第三,技术革新驱动产业链升级路径。数字技术重构农业全产业链已成共识,研究聚焦三方面:一是闭合平台模式,通过“互联网+”整合资源并优化利益分配[9];二是区块链技术应用,破解生产计量与质量溯源难题;三是数据要素嵌入,以“四链同构”推动全环节数字化协同[10]。农业农村部信息中心课题组强调需立足国情借鉴国际经验[4],但当前研究对技术本土化适配性的探讨不足,尤其缺乏对地方社会网络、文化惯习等非技术因素的嵌入性分析。

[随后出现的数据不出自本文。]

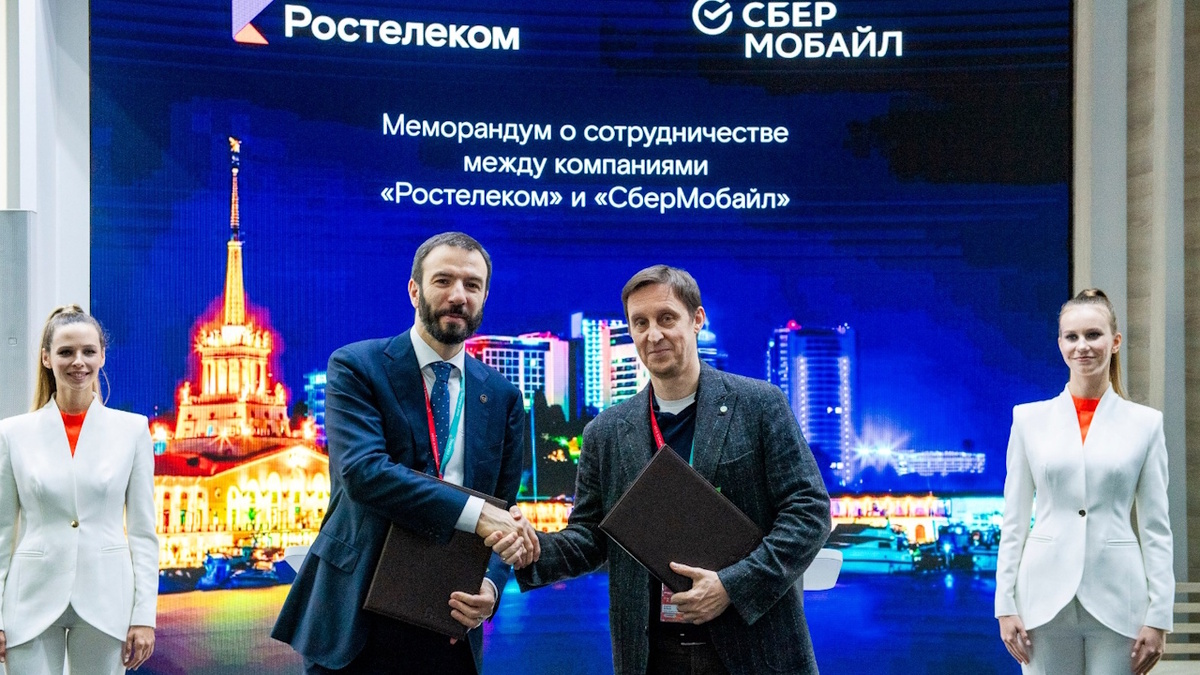 (C) Ростелеком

Granovetter的嵌入性理论强调经济行为受社会关系网络制约,分为制度嵌入(规则约束)、关系嵌入(信任合作)、认知嵌入(共同目标) [11]。在农业领域,制度嵌入体现为政策法规对数据共享的规范,关系嵌入表现为龙头企业与农户的契约联结,认知嵌入反映为多元主体对数字化价值的共识。已有研究证实,嵌入性水平越高,主体协同效率越高,但尚未形成针对农业全产业链的分析框架。因而本文立足多主体协同,构建“政策–关系–认知”嵌入性分析框架,说明农业全产业链发展的现状及问题,构建多主体协同机制,研究嵌入性理论视角下农业全产业链数字化发展的路径。
3. 农业全产业链数字化发展现状与问题
3.1. 发展现状
3.1.1. 政策驱动下的基础设施加速布局
根据2024年中国互联网络发展状况统计报告,截至2024年,我国农村互联网普及率达65.6%,60岁及以上老年群体互联网普及率为52.5%,5G基站覆盖98%的乡镇,各地政府推出“数字乡村”专项计划,如浙江“产业大脑 + 未来农场”模式。农业农村部强调农业全产业链数字化,要求建设大数据平台,开发覆盖“生产–流通–消费”全流程的数据分析模型与决策支持系统,构建风险智能预警机制,动态监测市场供需态势,实施电商赋能专项行动,培育农村电商人才,推动生产加工、物流配送等主体电商化转型。深化“互联网+”农产品流通体系改革,依托区域公共品牌服务平台及益农信息社资源,联合头部电商共建地方特色馆,拓展直播电商、产地直供等新型流通模式,实现产销精准对接与价值链升级。但当前政策工具仍偏重硬件投入,忽视了数据要素市场化配置的软性支撑[12]。
3.1.2. 龙头企业引领的农业全产业链数字化实践
在农业全产业链数字化进程中,龙头企业发挥着关键作用。例如,伊利作为乳业领军企业,设立数字化中心,聚焦打造“数字化原生组织”,构建全产业链数字化生态;电商平台如阿里巴巴“数字粮仓”、拼多多“农地云拼”整合生产端数据,精准匹配供需;新希望集团则构建“养殖–加工–冷链”全链条数字化系统,融合风险防控模型、实验室智能管理系统与供应链溯源平台,打造全流程数字化监管矩阵。这些企业通过数字化手段推动农业全产业链的转型与发展,成效显著。
3.1.3. 农户数字采纳的分化特征
我国农业数字化转型呈现显著分化特征。家庭农场主数字技术使用率高于普通农户,但集中于电商销售环节,生产端物联网、区块链应用率低,形成“精英采纳–大众滞后”断层。新型经营主体与传统小农户技术采纳鸿沟明显,家庭农场主技术应用覆盖产前、产中、产后全链条,而普通农户受限于地块规模和风险承受能力,倾向于选择即时见效的销售端技术,如利用拼多多、抖音等平台开展农产品直播带货。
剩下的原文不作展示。